Concernant l’aryanisation de la galerie Seligmann (sociétés Jacques Seligmann & Fils, et Germain Seligmann & Compagnie) par l’administrateur provisoire Édouard Gras, De Hauke tient informée la famille par un ressortissant américain, Sam Schiffer, de la situation du siège du 9 rue de la Paix : « Tout a été pillé1. » Il tente de récupérer des objets personnels qui y étaient déposés – 15 objets signés du verrier Maurice Marinot – en les faisant passer pour la propriété de ce ressortissant. Il tente également d’intervenir au moment de la vente de l’immeuble, propriété personnelle de Germain Seligmann, par l’administrateur provisoire Bertrand Larrieu, au bijoutier Mellerio :

« Le 9 est aujourd’hui la propriété de Mell qui l’a donc acheté. Un de mes amis avait fait une offre très importante (par rapport évidemment au prix suggéré) mais le chiffre offert par mon ami a été dépassé par celui de Mell. Vous pouvez compter sur moi pour que tout ce qui peut être fait pour le peu qui reste soit fait. Je vais dans quelques jours voir Fu [René Fulda, beau-frère de Germain Seligmann, réfugié à Périgueux puis à Marseille] et nous allons encore parler de tout cela2

En dehors de Mellerio, deux autres candidats présentèrent des offres de rachat3 : Raymond Drecq, 144 rue Legendre, Paris XVIIe, qui ne se présenta finalement pas à la réunion des soumissions du 27 novembre 1941, et M. Andrieux, 2 rue du Sommerard, Paris Ve, qui proposa 6 005 000 F. Mellerio, avec 6 310 000 F, ramenés par la suite à 5,805 millions, emporta donc l’enchère. Dans une lettre à Germain Seligmann, De Hauke précise :

« Mr Mell votre ami a épousé par devant notaire Mme Neuf [9 rue de la Paix] dont la famille avait été laissée dans un grand dénuement comme vous savez. Je lui ai souvent rendu visite. Malgré sa pauvreté, elle m’a fait des cadeaux, une partie de sa bibliothèque dont j’espère le tout, et nos objets souvenirs de famille – une unité4. »

Le 1er août 1942, De Hauke s’entend avec l’administrateur provisoire Gras pour acheter pour 100 000 F « les objets constituant tout le stock, les archives et le mobilier commercial restant dans les locaux » du 9 rue de la Paix5. Après le passage des Allemands, il reste très peu de chose hormis du petit mobilier, vitrines, bureaux, fauteuils, cadres et panneaux décoratifs.
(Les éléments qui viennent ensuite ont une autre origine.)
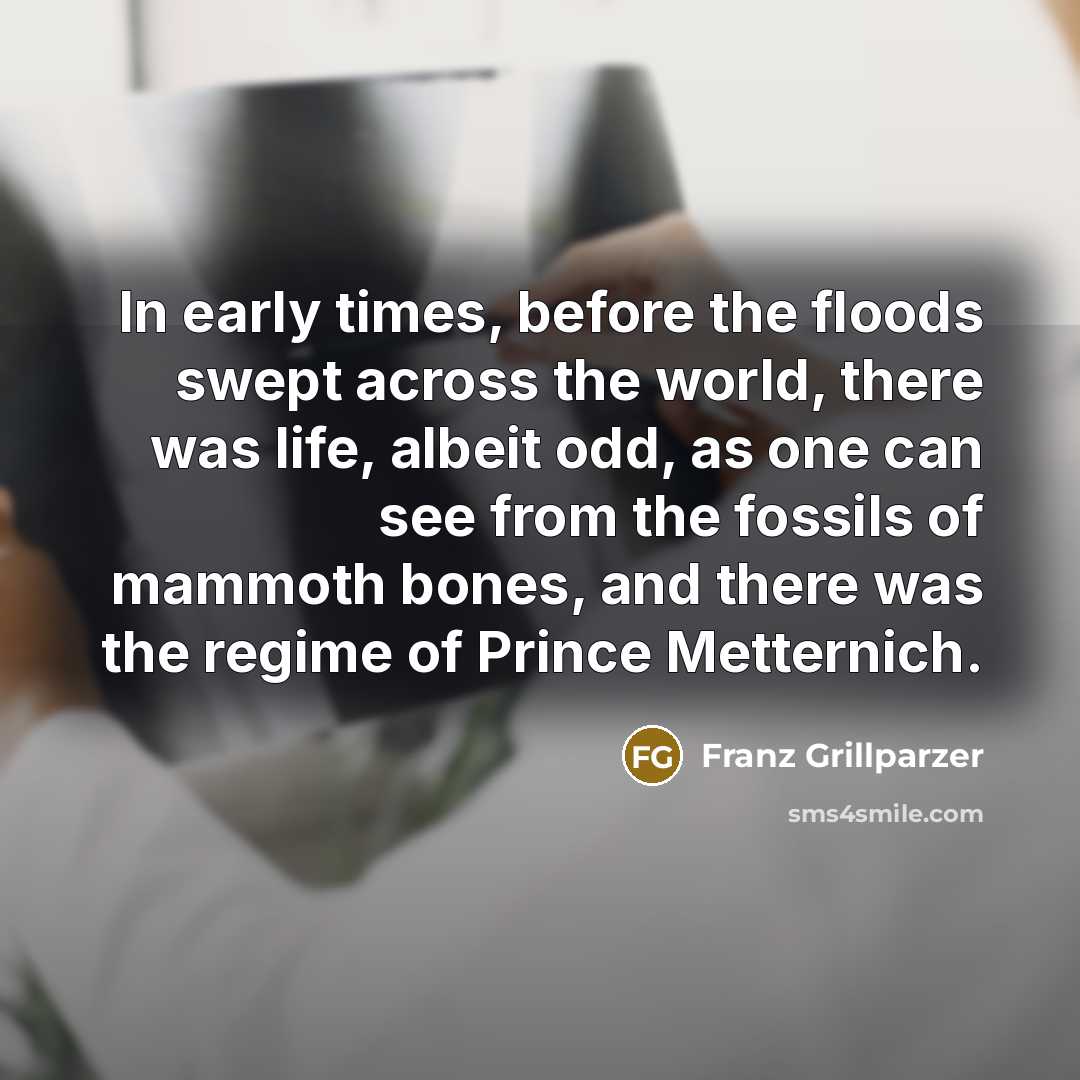 “In early times, before the floods swept across the world,…” quote by Franz Grillparzer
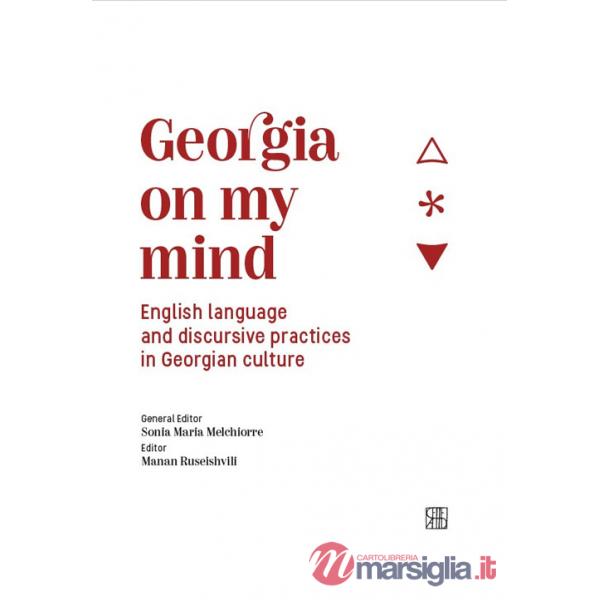 Georgia on my mind. English language and discursive practices in Georgian culture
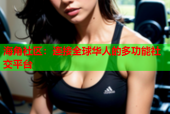 海角社区：连接全球华人的多功能社交平台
Dans le procès-verbal de vente on ne compte que trois œuvres d’artistes : un tableau dans le genre de Lépicié, un tableau de Chapelain-Thierry (pour Chapelain-Midy ?), un buste du sculpteur François Martin. De Hauke est surtout satisfait d’avoir pu sauver la documentation : « catalogues de vente, clichés photos, catalogues de collection ».
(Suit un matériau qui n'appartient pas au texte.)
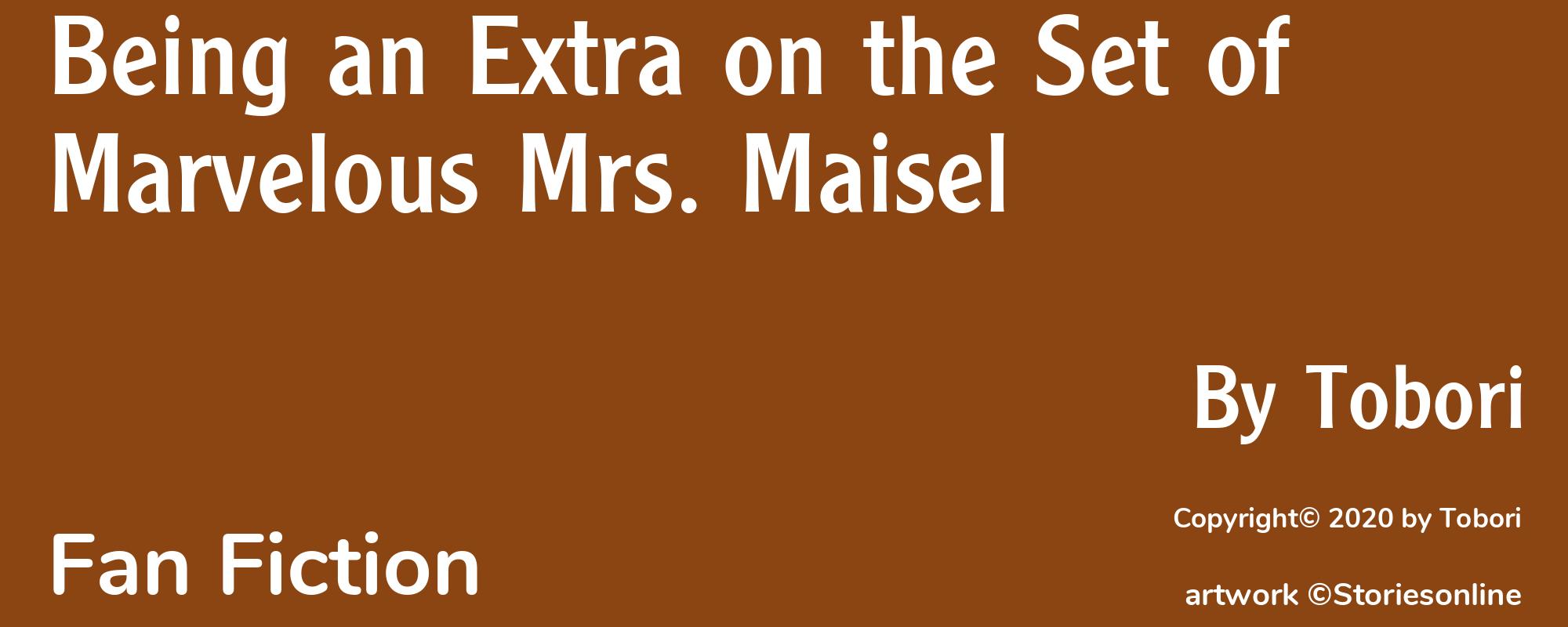 Being an Extra on the Set of Marvelous Mrs. Maisel - Cover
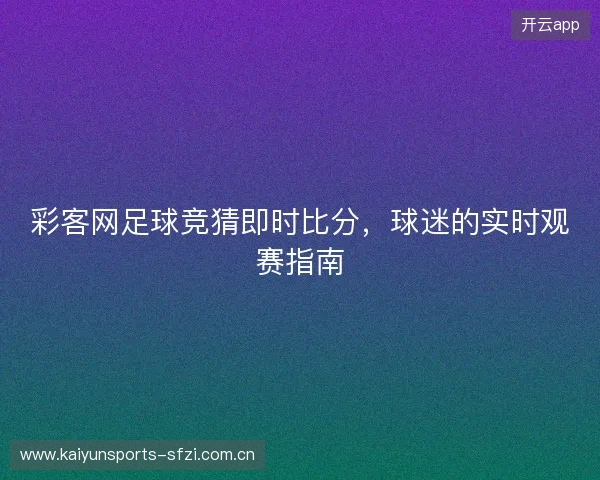 彩客网足球竞猜即时比分，球迷的实时观赛指南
De Hauke reproche vivement aux Seligmann en septembre 1941 de ne pas l’avoir envoyé plus tôt à Paris, où il sous-entend qu’il aurait eu la possibilité de sauvegarder les intérêts de la galerie suivant le modèle de l’entente Dequoy-Wildenstein :

« Germain, François-Gérard et vous-même [Georges] (mais c’est vous à mon avis qui supportez la plus grande partie de la responsabilité) avez commis une grosse erreur de ne pas me conseiller le retour [plus tôt]. Vous en subissez les conséquences très graves. Vous êtes sans doute au courant des résultats obtenus par D. pour W. et dans bien d’autres cas, il y a eu beaucoup de bon travail fait par ceux qui étaient présents. Je ne veux pas m’étendre sur les résultats obtenus par ceux qui occupent aujourd’hui les places laissées tristement vacantes mais j’ai la preuve des extraordinaires résultats obtenus6. »

Il écrit en février 1942 à Germain Seligmann : « Demandez à Georges de vous dire les reproches qu’hélas je lui fais ! Tout pour ne pas dire tout était possible. La formule de quoi de quoi vous me saisissez7. »

Il semble également fasciné par l’ascension fulgurante de Martin Fabiani :

« La personne qui a le plus profité de la nouvelle situation m’était jusque-là totalement inconnue : Fab. En seulement un an, il a accompli des miracles et si j’avais été en France un mois plus tôt, et a fortiori un an plus tôt, au moment où je vous ai tant demandé de m’y renvoyer, j’aurais eu la situation qu’il a maintenant. Il a pris sous contrat tous les meilleurs. Il est très actif et intelligent. Je l’ai rencontré l’autre jour et nous nous entendons très bien8. »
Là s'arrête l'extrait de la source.